A single feature will cause the problem that the image content is not comprehensive and accurate. The multifeature method integrates image texture features, shape features, KAZE features, etc. as the underlying features, replacing the traditional single-feature description method, and making up for the single-feature description method in the independent expression of high-resolution remote sensing images, which cannot fully express image information.

2.4. Word Selection Method of the RmRMR

In the BoVW, the visual dictionary is obtained by learning the distribution of the training image. Significantly, the quality of this dictionary plays an important role in the image classification results. For example, excessive content in the dictionary or excessive similar words will add computational complexity and data redundancy, while sparse content in the dictionary will misclassify different targets into a group, and thus, it reduces the image classification precision. Specifically, optimizing the visual dictionary of the BoVW can achieve a large margin for image classification results. In general, an excellent visual dictionary should have two characteristics: (1) each visual word is highly relevant to an image class; (2) the redundancy between words is minimal; i.e., the presence of fewer redundant words results in lower computational complexity of the algorithm. The screening of visual words is an efficient way to optimize the visual dictionary, which is intended to select a few globally discriminative words from the initial dictionary to constitute a dictionary subset.

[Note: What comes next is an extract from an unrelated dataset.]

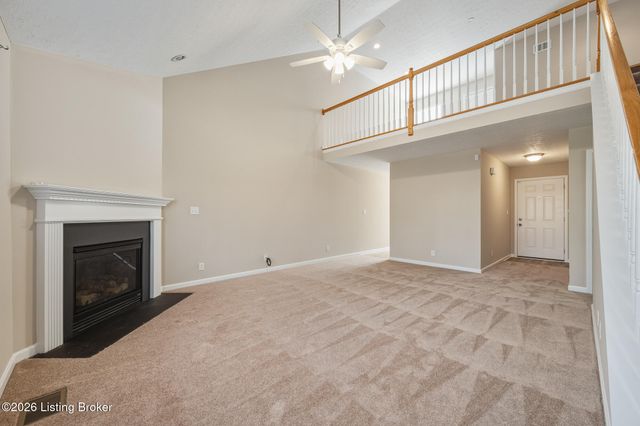 7203 Wynde Manor Ct, Louisville, KY 40228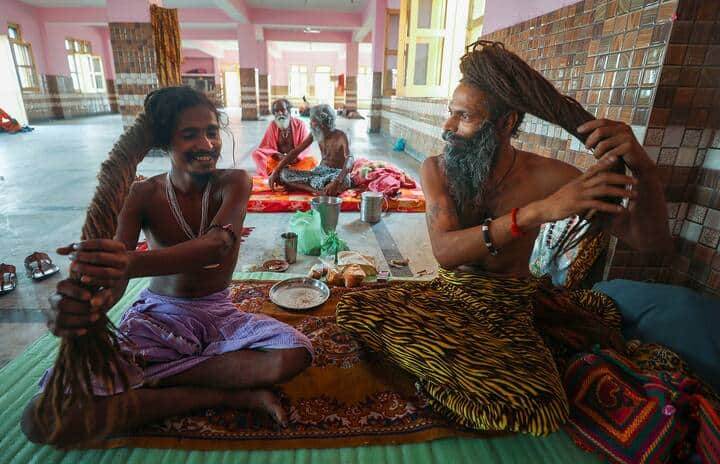 પાદરીના કહેવા પ્રમાણે, આ એક આશ્ચર્યજનક ઘટના છે (પાણી લીકેજ). દેશના પ્રખ્યાત એન્જિનિયરો રામ મંદિરના નિર્માણ કાર્યમાં લાગેલા છે.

The mRMR algorithm does not adequately describe the content of the image for a visual dictionary that is too small, resulting in different image objects being classified into one category, which reduces the classification accuracy. The use of the unimproved algorithm is that the redundant features always exist and are not deleted, and redundant features may be mapped to other words, which may lead to errors in the mapping between words and features. Visual words cannot accurately describe image information, resulting in unsatisfactory classification results.

The mRMR visual residual selection algorithm improved by the K-means algorithm can weight words, retain the words with high weights that contribute to the classification, and at the same time fully consider the redundancy between words and the correlation between words and categories, thereby, improving the accuracy of image classification. Using the K-means algorithm can correctly classify the different features of the image and has good results.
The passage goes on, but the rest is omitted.